Consumers Union, Yonkers, N.Y., reached a new collective bargaining agreement with the Newspaper Guild of New York to create an “adjustable pension plan” that will replace the standard defined benefit plan for guild members, confirmed Bill O'Meara, president of the guild.
Under the new pension plan, the employer will contribute a fixed 6% of salaries plus $100,000 each year to the plan. The retirement benefit will then be calculated each year on an adjusted basis depending on the plan's performance in the prior year. The company would then have no further financial commitment or unfunded liabilities to the plan.
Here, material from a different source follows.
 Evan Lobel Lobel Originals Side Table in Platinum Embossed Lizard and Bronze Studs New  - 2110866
“It will vastly reduce risk and volatility for the company and still provide a lifetime payment and PBGC insurance,” Mr. O'Meara said in a telephone interview.
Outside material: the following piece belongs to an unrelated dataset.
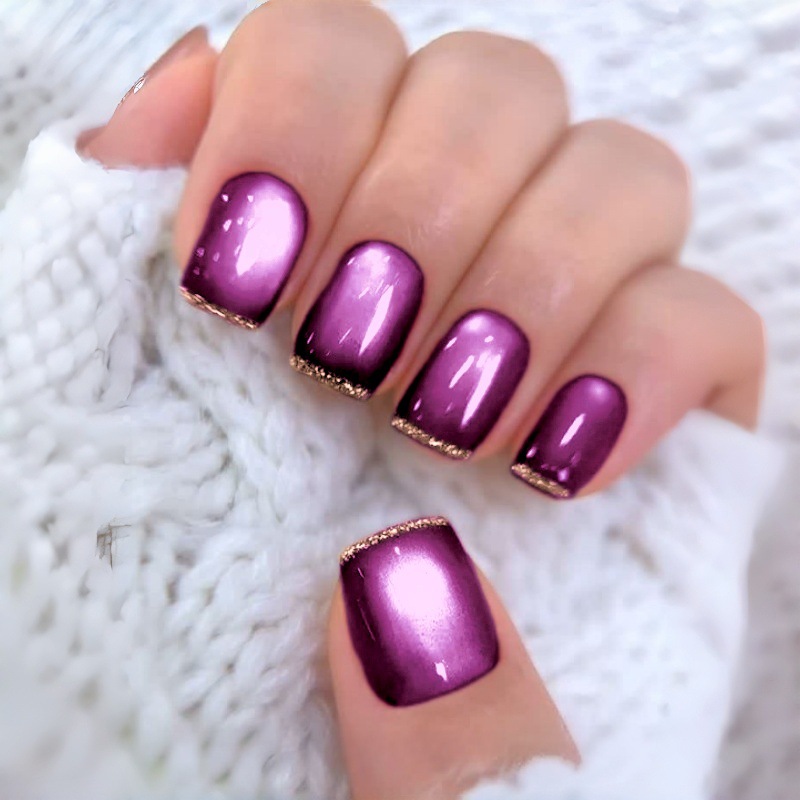 Nail Art Full Cat Eye - Krótkie kwadratowe sztuczne paznokcie dla kobiet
Consumers Union, the parent of Consumer Reports magazine, becomes the second company to adopt the adjustable pension plan. The New York Times was the first company to do so in November, also for its members of the Newspaper Guild of New York in its $280 million plan. Both plans still need IRS approval on the new structures.
“We're hoping that this becomes a national model for others to adopt,” Mr. O'Meara said. “There is some upside potential and very little downside for employees.”
The adjustable pension plan was developed by guild actuaries at Cheiron.
The existing pension plan will be frozen on May 31, and contributions to the adjustable plan will start June 1. The pension plan had about $42 million in assets as of Dec. 31, 2011, according to the company's most recent Form 5500 filing.